The House impeachment evidence included that the AG generally showed very little interest in the workaday procedures of his office, only becoming directly and aggressively involved over matters that affected the business interests of his friend Nate Paul. Otherwise, Paxton was more devoted to issuing almost daily press releases recounting his agency’s reactionary legal campaigns: suing the Biden Administration over immigration and border controls; defending restrictions on voting, and relentlessly pursuing phantom “voter fraud”; tormenting young transgender Texans, their families, and their doctors; undercutting environmental regulations; opposing vaccine mandates; attacking public education; promoting the gun industry and its P.R. division, the NRA … and so on.

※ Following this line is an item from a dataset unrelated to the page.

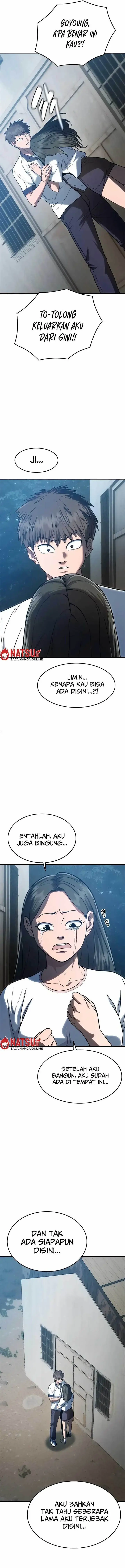 image-komik-monster-devourer-chapter-36-25/28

Beyond all this is Paxton’s slavish devotion to Donald Trump, whom he apparently considers not only a political idol but a moral role model. Paxton, who has claimed that his success at voter suppression enabled Trump to win Texas, aggressively engaged in various (and laughably unconstitutional) red-state legal efforts to overturn the results of the 2020 presidential election. He also spoke at Trump’s Jan. 6, 2021 D.C. rally that preceded the violent Capitol insurrection (by people Paxton would later claim were “not Trump supporters”). Back home, emulating his mentor, Paxton called for protests at the state Capitol on the day of his House impeachment — his exhortation proved less feloniously effective than that of Trump.
None of these more significant offenses in policy or politics, of course, inform any aspect of the Paxton impeachment articles. That’s understandable, because virtually all of the GOP legislators considering impeachment heartily endorse the same oppressive policies and treasonous politics, having spent much of the session enacting them into law.
Trump has dutifully come to Paxton’s defense, threatening to primary any Republican legislator who voted or votes for impeachment, a threat that will no doubt carry considerable weight as the Senate, under Lieutenant Governor Dan Patrick, acts as Paxton’s jury in September. Patrick in particular will have to weigh his options in ruthlessly presiding over the dicey business of damaging a potential rival at the risk of offending his base and his billionaire donors. Vulnerable Republican senators will be making similar calculations.
Perhaps there remains a redemptive role in Texas politics for the disgraced Bryan Slaton, after all: Trump and his MAGA politicos could eventually tap Slaton to primary some misguided Republican official foolish enough to vote to convict Ken Paxton. As Trump famously declared: “When you’re a star, they let you do it.”